VecPAC: A Vectorizable and Precision-Aware CGRA
Cheng Tan, D Patil, Antonino Tumeo, Gabriel Weisz, Steve Reinhardt, Jeff Zhang
Abstract
Coarse-grained reconfigurable arrays (CGRAs) are a promising solution to accelerate applications from several domains, thanks to their balance between the performance achieved through specialization and the adaptability to obtain different computational patterns through dynamic reconfiguration. Several state-of-the-art CGRA designs try to further exploit domain specialization by integrating additional specialized functional units to support custom numeric formats and/or vector functional units. While this approach can improve performance and efficiency for kernels coming from a single application domain, it lowers the overall utilization of the hardware resources and reduces the adaptability of the accelerator.

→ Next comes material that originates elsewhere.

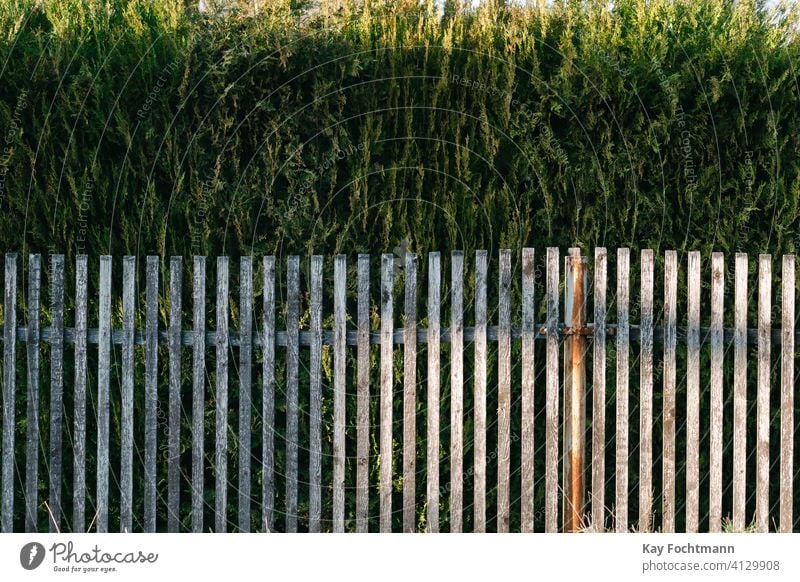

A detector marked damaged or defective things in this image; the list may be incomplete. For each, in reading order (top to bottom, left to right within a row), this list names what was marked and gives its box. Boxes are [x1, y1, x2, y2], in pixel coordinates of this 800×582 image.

This paper proposes VecPAC - a vectorizable and precision-aware coarse-grained reconfigurable array (CGRA) design. Vec-PAC integrates CGRA tiles with scalar functional units and specialized tiles with vector functional units that can trade off the number of vector lanes for the accuracy of the computation. We discuss the architecture design and present the related compilation framework. The experimental evaluation on a set of applications from three different domains (embedded, machine learning, and high-performance computing) shows that the hybrid design of VecPAC outperforms CGRAs with only scalar functional units by 1.48 ×, while providing higher scalability (evaluated on 2×2, 4×4, and 8×8). Moreover, VecPAC achieves better area-efficiency (1.74×) over a CGRA with only vector functional units.